FaFin: Walter, Du bist Informatiker und warst lange Zeit im Software-Bereich tätig. Wie kam es, dass Du begonnen hast, Dich mit Fragen eines fairen und nachhaltigen Geld- und Finanzsystems zu befassen?
Walter Kern: Auslöser dafür waren die globale Finanzkrise 2008 und die Eurokrise 2009. Ich wollte die Zusammenhänge verstehen, merkte aber schnell, dass mir die Grundlagen fehlten. Um diese zu erwerben, begann ich 2009 ein berufsbegleitendes Aufbaustudium an der Frankfurt School of Finance & Management.
Während des Studiums wurde mir klar, dass – auch nach den Maßnahmen zur Stabilisierung des Bankensystems und den Reformvorschlägen der G20-Staaten – noch erheblicher Handlungsbedarf besteht. Wenn wir Nachhaltigkeit ernst nehmen, braucht es eine Neuausrichtung des bestehenden Geld- und Finanzsystems.
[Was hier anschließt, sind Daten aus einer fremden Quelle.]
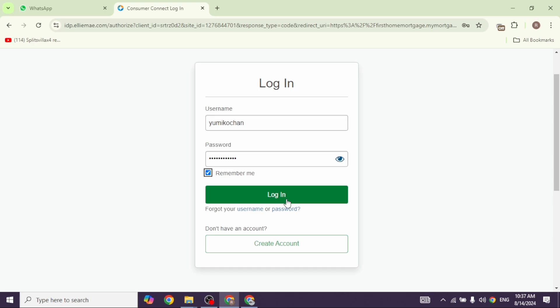If you haven't registered for your account yet, click on the option of Create Account and go through the registration process.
Dabei muss dieses wieder auf seine dienende Funktion zurückgeführt werden, die vor allem darin besteht, notwendige langfristige Investitionen zu ermöglichen, statt sich auf kurzfristige Gewinnmaximierung zu konzentrieren.
Aus diesem Grund beschäftigte ich mich seit 2011 auch nebenberuflich als freier Finanzdienstleister mit nachhaltigen Geldanlagen, zunächst mit der Finanzierung der Energiewende und später mit nachhaltigen und verantwortungsvollen Geldanlagen im Allgemeinen.
FaFin: Einer Deiner Schwerpunkte ist die Nachhaltigkeits-Berichterstattung. Was sind hier aktuelle Themen, mit denen Du Dich befasst – auch vor dem Hintergrund der derzeitigen politischen Entwicklungen?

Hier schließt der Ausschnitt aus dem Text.